(Caption-style text data)
⁂
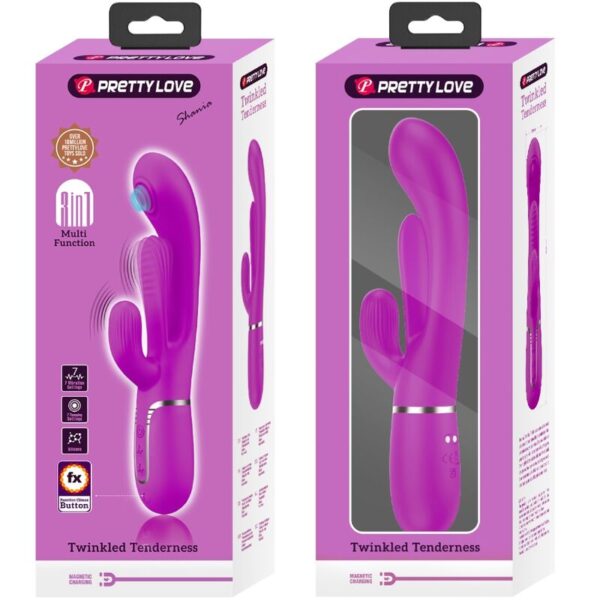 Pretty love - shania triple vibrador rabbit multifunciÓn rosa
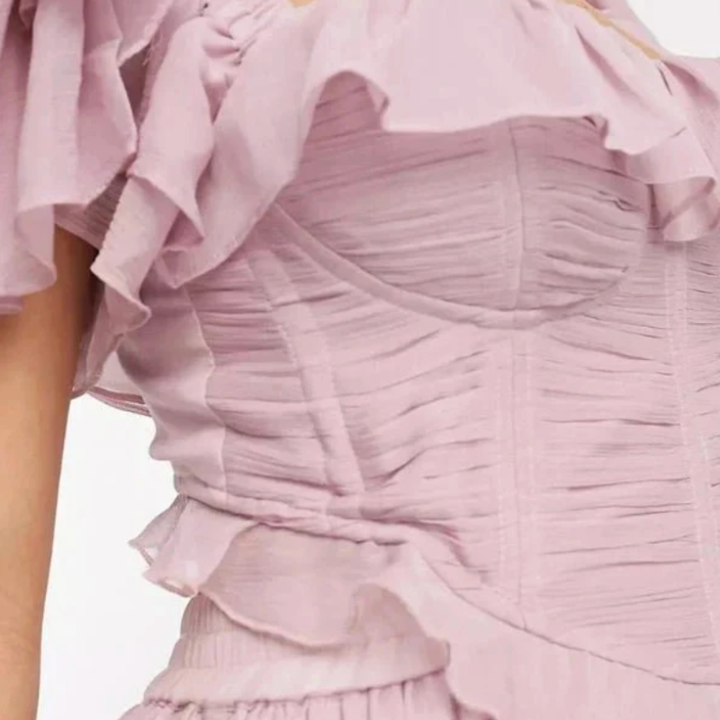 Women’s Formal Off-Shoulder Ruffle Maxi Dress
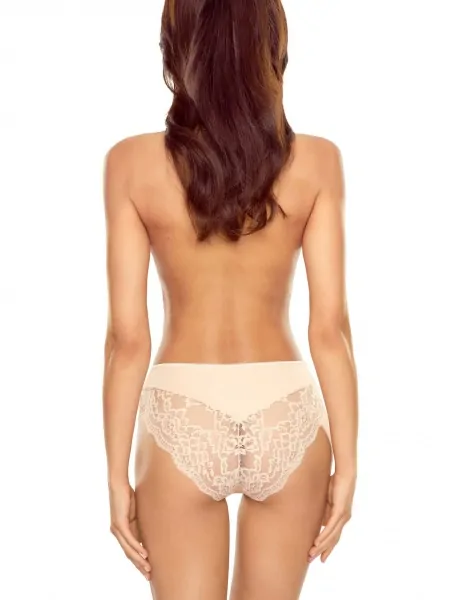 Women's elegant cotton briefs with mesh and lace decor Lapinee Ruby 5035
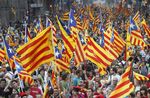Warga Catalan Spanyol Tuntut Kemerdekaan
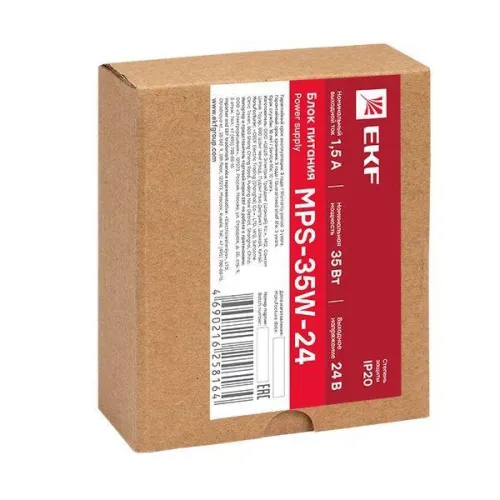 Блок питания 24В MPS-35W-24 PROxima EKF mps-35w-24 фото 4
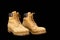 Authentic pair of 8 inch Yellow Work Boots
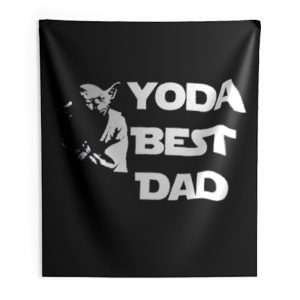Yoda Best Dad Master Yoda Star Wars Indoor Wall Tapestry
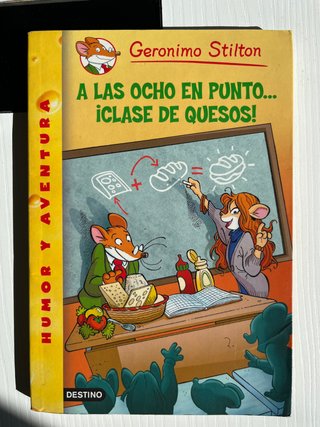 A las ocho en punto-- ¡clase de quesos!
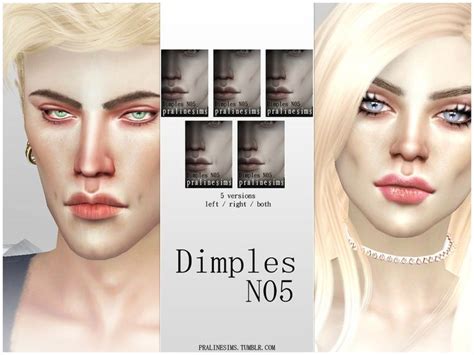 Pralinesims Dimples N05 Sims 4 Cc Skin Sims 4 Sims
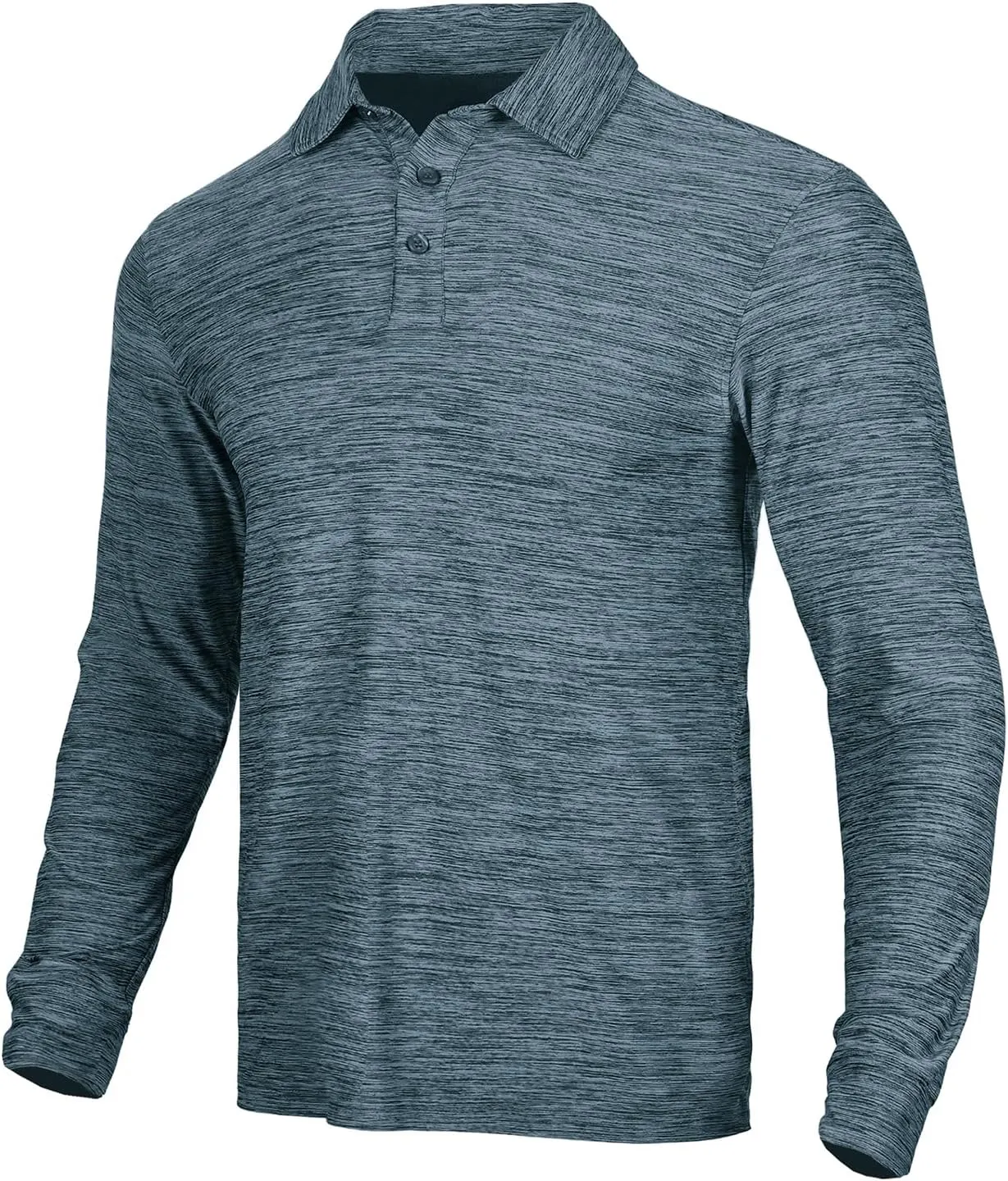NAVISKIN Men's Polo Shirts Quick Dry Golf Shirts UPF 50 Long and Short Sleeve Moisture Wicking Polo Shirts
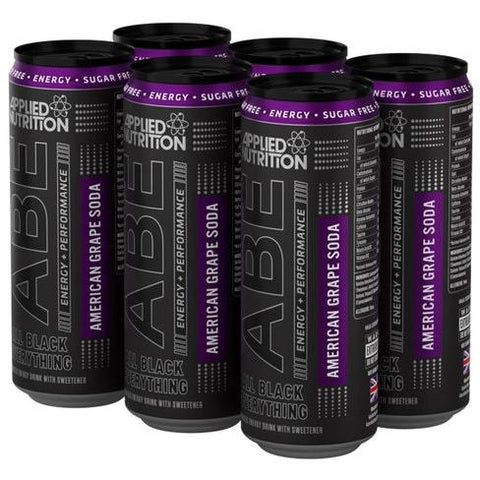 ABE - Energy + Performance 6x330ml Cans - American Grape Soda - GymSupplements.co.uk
⁂
Required action: Write out again, exactly, each line from the one with "Pralinesims Dimples N05" to the end of the entries. No pictures go in.

Written solution:
 Pralinesims Dimples N05 Sims 4 Cc Skin Sims 4 Sims
NAVISKIN Men's Polo Shirts Quick Dry Golf Shirts UPF 50 Long and Short Sleeve Moisture Wicking Polo Shirts
 ABE - Energy + Performance 6x330ml Cans - American Grape Soda - GymSupplements.co.uk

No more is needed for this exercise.